Do consumers have a stronger voice now than in the past? I don’t know, but I do know that a story or two about American Airlines passengers is not going to convince me. If Clay wants to tell us about a student group using Facebook to protest about British Bank HSBC’s cancellation of interest-free loans then perhaps he should think about the longstanding student boycott of Barclays Bank during the 1970’s and 1980’s that contributed to the end of apartheid. But he doesn’t, and that’s disappointing.

The second flaw – also a common one – is a reluctance to follow the money. Between them, Clay and Shirky convince me that the Internet marks a change; that a society with an Internet is different from a society without one. Also, they convince me that the Internet is not a single model of sharing/collaboration/collective action; it’s many models. So let’s talk about these models, about which ones have legitimacy and longevity and which don’t. To do so requires Shirky to take the broad brush that Clay is using and to start to make smaller, more detailed points.

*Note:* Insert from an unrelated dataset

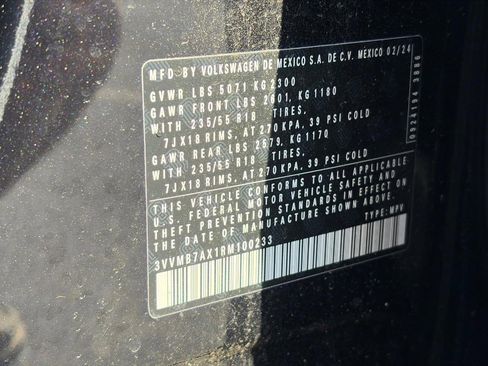 Used 2024 Volkswagen Tiguan SE w/ Panoramic Sunroof Package image 22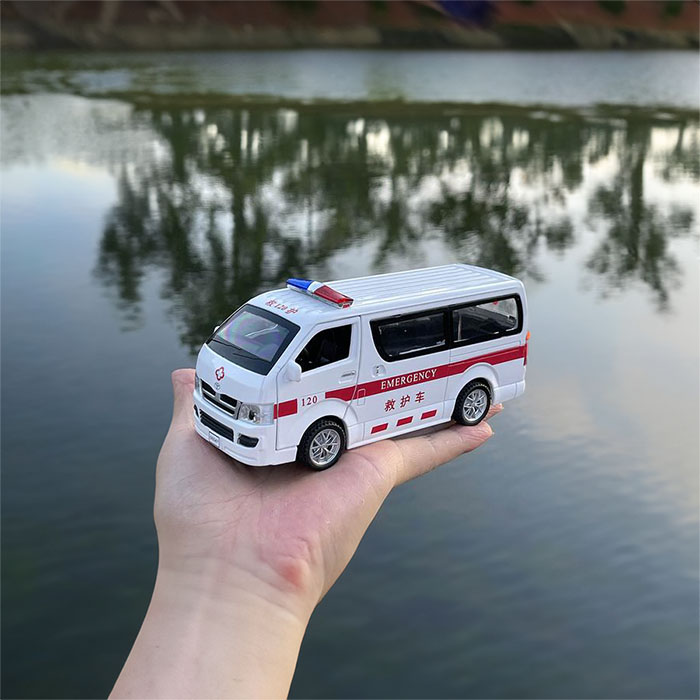 广东省第二中医院租赁私家救护车转院到吉林省肿瘤医院长途救护车电话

Perhaps we no longer need books telling us that the Internet is a big thing. It is time to treat that fact, as Shirky sometimes does, as the starting point for a discussion rather than the conclusion. The questions then become ones of what kind of structures will form and persist in the online world, and if you are going to talk about these questions then you have to address the economics of the problem.

Money matters.

People’s willingness to contribute to Wikipedia, Shirky points out, is tied to the non-profit status of Wikipedia. A threat from Spanish participants to start an alternative version convinced founder Jimmy Wales to "formally forgo any future commerical plans for Wikipedia, and to move the site from Wikipedia.com to Wikipedia.org, in keeping with its nonprofit status. Similarly, he decided to adopt the GNU Free Documentation License for Wikipedia’s content [which] assured contributors that their contributions would remain frerely available" [274]. There is an ongoing tension between contributors to sites and the "owners" of those sites that is visible on MySpace (see Billy Bragg’s efforts to gain musicians rights over their content), on Facebook (the failed "Beacon" program as one example) and even Google and the line it walks with advertising content on its search results. Contributor-driven movie database IMDB was taken over by Amazon, but Amazon does not put its name on the pages of the site – does it fear that people would not contribute so freely if they realized they were just making Jeff Bezos even richer? The book ends with a story by Clay about a successful revolt by participants at digg.com – but once again, a story is not enough to support the thesis he is trying to make. 

There are many issues of democracy, ownership, privacy and control that, depending on how they are resolved, will influence our chances of staying upright as we get carried along by this technological flood. Clay Shirky shows in this book that he has many insights that we can use, but to really help steer this kayak we need more Shirky and less Clay.